In the nearby graveyard, lost in the service of King, Empire and God, a jumble of Boer War soldiers, missionaries, long-suffering wives and dead infants, some of whom lived only briefly.  Birth, death, the succumbing of spirit and heart – all this happened here, including the birth of Howard Unwin Moffat, Southern Rhodesia’s second premier (whose government passed the 1930 Land Apportionment Act, which in a nutshell was one of the ultimate causes of Zimbabwe’s turmoil of the last decade) and the falling-in-love of that other famous missionary and explorer, Livingstone.  In the aftermath of a lion attack, and no doubt some realisations about the fragility of the human condition, Livingstone succumbed to the care and affections of the eldest Moffat daughter, who actually survived the Kalahari to adulthood.  She was called Mary, like her mother.  Not that she had much competition, nor he many options. He proposed to her in the garden now dedicated to Mary senior, ‘and other missionary wives’.

To the Kuruman mission came the printing press that marked the start of a momentous sea change - the spread of Christianity across the sub-continent in a short century or so, which both facilitated and resisted the expansion of Empire.  In the 1850s, Moffat translated and printed a thousand copies of the Old Testament, the very first time this had been done in an African language, seTswana. Half a ton in weight, and transported painstakingly by oxwagon hundreds of kilometres from Algoa Bay on the Namibian Atlantic coast, it sits dull yet resolute in one of the schoolroom buildings, the disruptive Internet of its time.


Reads one of the placards: “It continued to produce Spelling Books and Hymn Books but its chief glory was the Bible, home-made from the start, created out of a language which had no [written] grammar or dictionary, and printed and published on the veld” 

From Kuruman we drove through some of the most extensive manganese and iron ore mining sites in the world to Upington.  From there, along the Gariep (Orange) River valley, where we wound through canal-fed vineyards (yes, vineyards!) and Afrikaner farm stores filled with dried fruit, nuts, tea, rusks. Kakamas was originally a colony for poor white farmers in the aftermath of drought and rinderpest in the 1890s, founded and regulated by the Dutch Reformed Church.  They were only granted property rights in the 1960s.  Here and there are dirt side roads simply signposted with an arrow saying ‘Namibia’.

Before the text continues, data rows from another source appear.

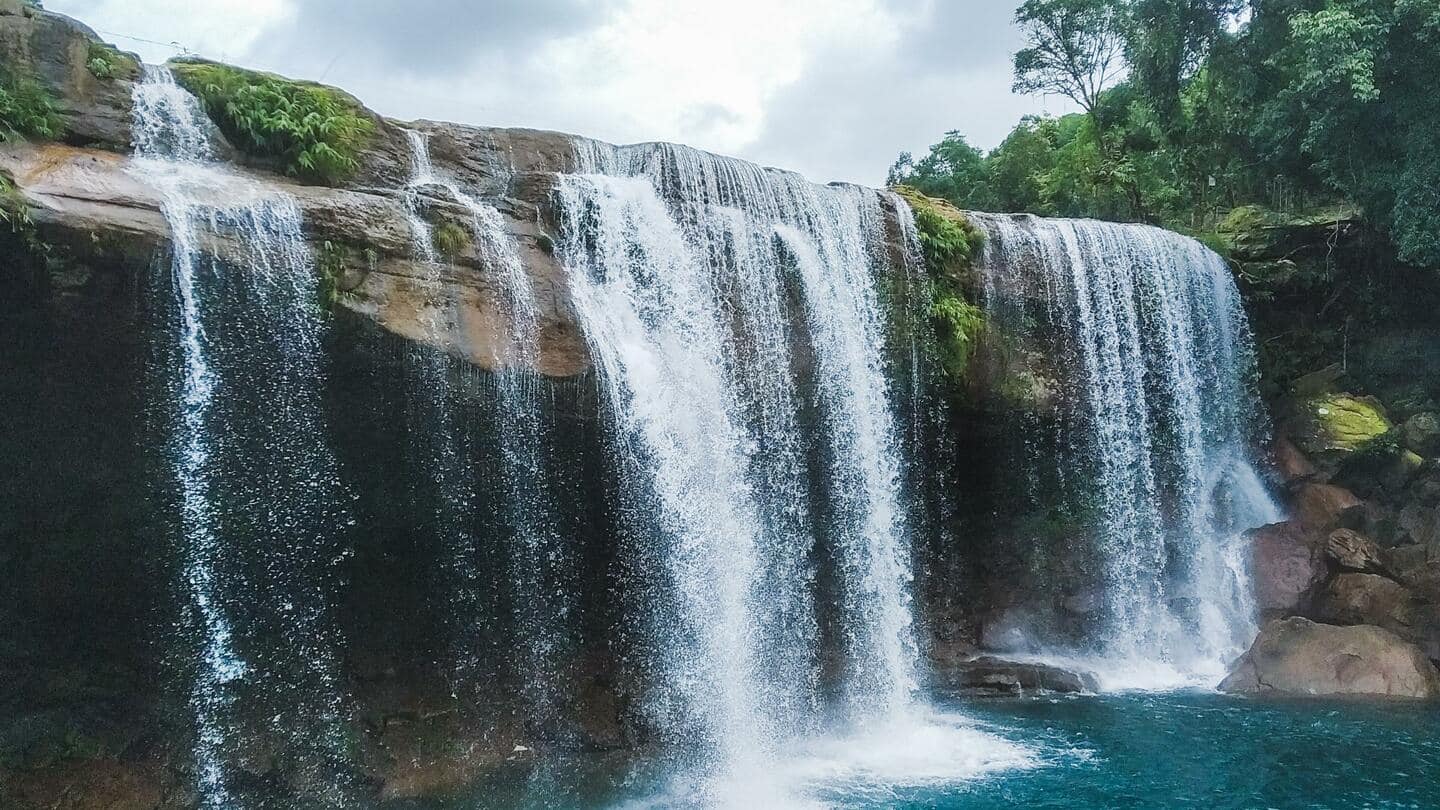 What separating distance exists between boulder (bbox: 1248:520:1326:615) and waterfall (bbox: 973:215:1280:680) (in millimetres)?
271

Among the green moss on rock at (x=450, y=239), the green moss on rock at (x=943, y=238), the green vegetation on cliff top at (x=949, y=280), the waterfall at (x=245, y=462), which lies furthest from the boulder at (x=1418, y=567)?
the waterfall at (x=245, y=462)

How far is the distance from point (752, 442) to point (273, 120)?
6309 millimetres

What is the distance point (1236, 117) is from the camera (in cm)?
1820

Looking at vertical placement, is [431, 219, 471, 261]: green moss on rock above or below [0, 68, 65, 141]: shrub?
below

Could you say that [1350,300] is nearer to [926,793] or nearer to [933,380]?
[933,380]

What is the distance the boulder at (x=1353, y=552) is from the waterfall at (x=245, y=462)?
14.2 metres

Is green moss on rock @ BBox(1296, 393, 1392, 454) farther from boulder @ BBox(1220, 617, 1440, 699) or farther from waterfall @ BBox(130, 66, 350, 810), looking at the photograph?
waterfall @ BBox(130, 66, 350, 810)

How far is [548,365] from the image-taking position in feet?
32.6

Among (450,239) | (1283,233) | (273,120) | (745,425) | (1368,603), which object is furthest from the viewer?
(1283,233)

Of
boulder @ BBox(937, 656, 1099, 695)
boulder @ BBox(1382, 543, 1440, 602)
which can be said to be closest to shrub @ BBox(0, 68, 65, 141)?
boulder @ BBox(937, 656, 1099, 695)

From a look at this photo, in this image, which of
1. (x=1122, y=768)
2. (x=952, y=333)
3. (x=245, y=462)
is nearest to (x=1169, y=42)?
(x=952, y=333)

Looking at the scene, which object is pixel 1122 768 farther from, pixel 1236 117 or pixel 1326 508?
pixel 1236 117

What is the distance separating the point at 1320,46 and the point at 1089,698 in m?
10.4

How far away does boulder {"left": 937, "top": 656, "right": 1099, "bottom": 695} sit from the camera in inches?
532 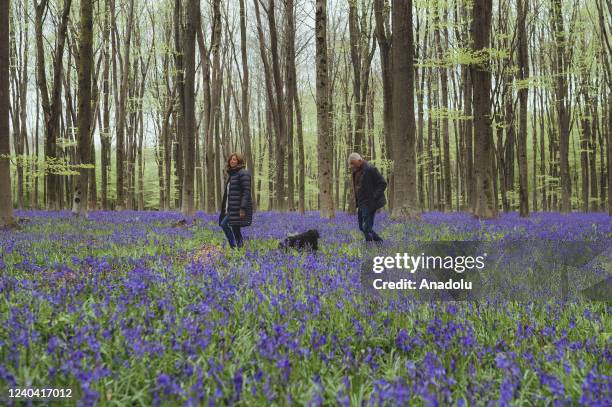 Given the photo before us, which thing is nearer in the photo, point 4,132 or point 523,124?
point 4,132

The Augrabies National Park is a stunning landscape of melting coffee-icecream rock with an almighty surge of water cutting through it, carving a canyon of substantial proportions.  The powerful Augrabies waterfall plunges into a pool that is 120 metres deep.  All around, the lilacs and khakis are reminiscent of Namibia, which is but a hop skip and jump away.  One needs several days to explore, so I hope to return.   More soon on the rest of the trip.